ITEM 13. CERTAIN RELATIONSHIPS AND RELATED TRANSACTIONS

    Our Bylaws provide that we shall indemnify our directors and officers to the
full extent permitted by Delaware law. We have entered into indemnification
agreements with our officers and directors containing provisions that may
require us, among other things, to indemnify such officers and directors against
certain liabilities that may arise by reason of their status or service as
officers and directors (other than liabilities arising from willful misconduct
of a culpable nature), to advance their expenses incurred as a result of any
proceeding against them as to which they could be indemnified and to obtain
directors' and officers' insurance if available on reasonable terms.
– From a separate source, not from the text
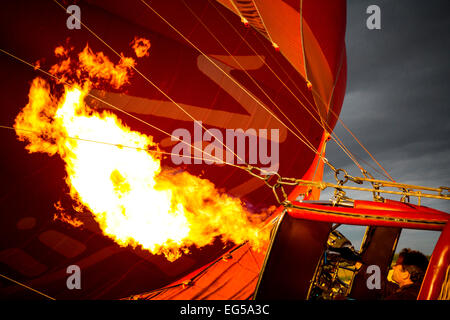 Man controlling gas burner flames inflating red hot air balloon, South Oxfordshire, England Stock Photo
We maintain
insurance policies covering officers and directors under which the insurer has
agreed to pay the amount of any claim made against our officers or directors for
wrongful acts that such officers or directors may otherwise be required to pay
or for which we are required to indemnify such officers and directors, subject
to certain exclusions.

                                       50

                                    PART IV

ITEM 14. EXHIBITS, FINANCIAL STATEMENT SCHEDULES AND REPORTS ON FORM 8-K.

    (a) The following documents are filed as a part of this Report:

       (1) Financial Statements:

           See Index to Consolidated Financial Statements at page 24 of this
           Report.

       (2) Financial Statement Schedule:



            PAGE          SCHEDULE                      TITLE
            ----          --------                      -----
                              
            S-1           II        Valuation and Qualifying Accounts and Reserves
            S-2                     Independent Auditors' Report on Schedule


           All other financial statement schedules are omitted because they are
           not applicable or not required, or because the required information
           is included in the Consolidated Financial Statements and Notes
           thereto which are included herein.

       (3) Exhibits:

           The exhibits listed on the accompanying Exhibit Index are filed as
           part of, or are incorporated by reference into, this Report.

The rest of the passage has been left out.